------ TASK INPUTS

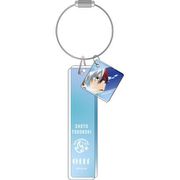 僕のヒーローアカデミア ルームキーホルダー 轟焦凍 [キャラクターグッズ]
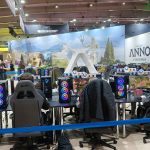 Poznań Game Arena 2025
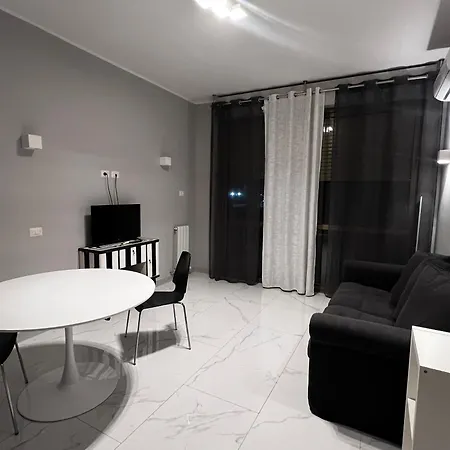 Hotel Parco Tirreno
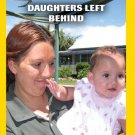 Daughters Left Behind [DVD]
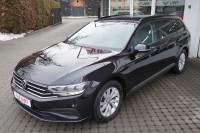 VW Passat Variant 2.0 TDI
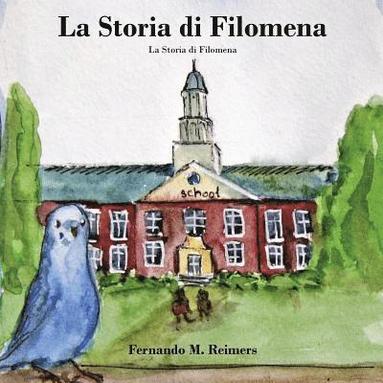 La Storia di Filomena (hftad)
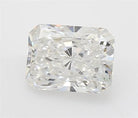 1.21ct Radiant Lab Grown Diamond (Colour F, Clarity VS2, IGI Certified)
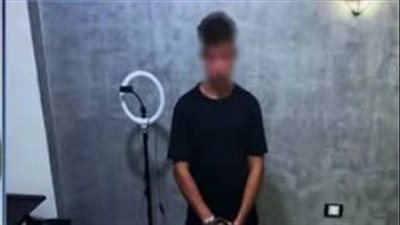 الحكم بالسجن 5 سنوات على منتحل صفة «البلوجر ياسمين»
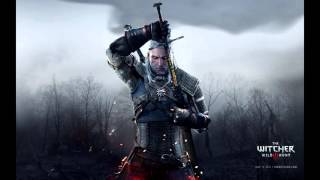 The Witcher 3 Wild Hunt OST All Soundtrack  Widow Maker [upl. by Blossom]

------------
------ TASK INPUTS

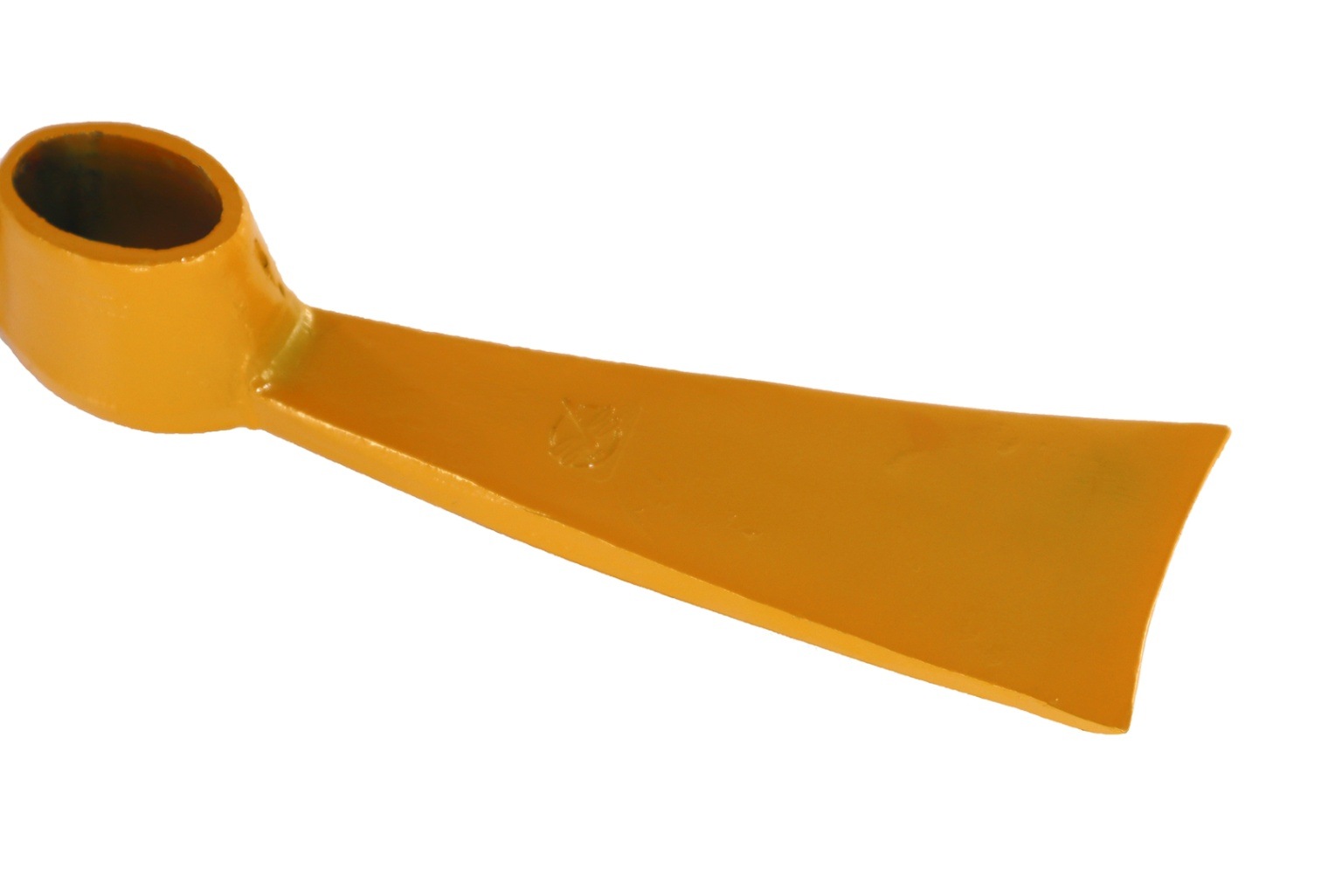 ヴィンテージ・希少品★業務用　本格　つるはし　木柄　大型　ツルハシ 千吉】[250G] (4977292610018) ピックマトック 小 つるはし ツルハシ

------------

In the records above, find the line with "僕のヒーローアカデミア ルームキーホルダー 轟焦凍 [キャラクターグッズ]" and the line with "The Witcher 3", then restate word for word only those two lines and all lines between, omitting pictures.

 僕のヒーローアカデミア ルームキーホルダー 轟焦凍 [キャラクターグッズ]
 Poznań Game Arena 2025
 Hotel Parco Tirreno
 Daughters Left Behind [DVD]
 VW Passat Variant 2.0 TDI
 La Storia di Filomena (hftad)
 1.21ct Radiant Lab Grown Diamond (Colour F, Clarity VS2, IGI Certified)
 الحكم بالسجن 5 سنوات على منتحل صفة «البلوجر ياسمين»
 The Witcher 3 Wild Hunt OST All Soundtrack  Widow Maker [upl. by Blossom]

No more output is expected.